- 著者
-
日野 純一
- 出版者
- 京都産業大学教職課程教育センター
- 雑誌
- 京都産業大学教職研究紀要 (ISSN:18839509)
- 巻号頁・発行日
- vol.11, pp.19-49, 2016-03
近年の科学技術の進展のスピードは著しく、テクノロジー格差が人類の富の格差を生み、人類の幸不幸さえ決めている感がある。人間にとって科学技術の在り方がこれほど問われる時代はない。さらに大規模な自然災害や地球温暖化、エネルギー、食糧、水資源等にまつわる問題は、世界各国が協調、協力して英知を生み出し取り組まなければならない人類的課題である。阪神淡路大震災や東北大震災、福島原発事故問題を経験した我が国にとって、こうした人類的課題へ挑戦することが、我が国の科学技術の使命であり、世界の平和・共生に貢献するものであると考えられる。我が国がこうした使命を自覚し、これからも科学技術創造立国として持続可能な発展を続けるためには、小・中・高等学校における日本の理科教育を常に検証し、発展させていく必要がある。

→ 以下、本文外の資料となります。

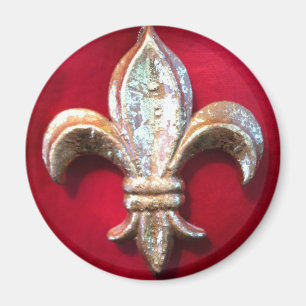 Imán Flor de lis del oro en rojo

京都産業大学が創立50周年を迎えるにあたり、理学部に宇宙物理・気象学科を新設する。高等学校理科教育の中で最も低迷していると指摘されている物理・地学分野における教育の底上げに向けた取り組みに期待したい。 また次期学習指導要領の改訂骨子案では、従来の数学と理科の枠を超え、双方の知識や技能を総合的に活用する新たな選択科目「数理探究」を高等学校で創設するとも言われている。 そこで今一度公教育として行われてきた日本の理科教育の変遷を振り返るとともに、これからの理科教育の展望について考察してみる。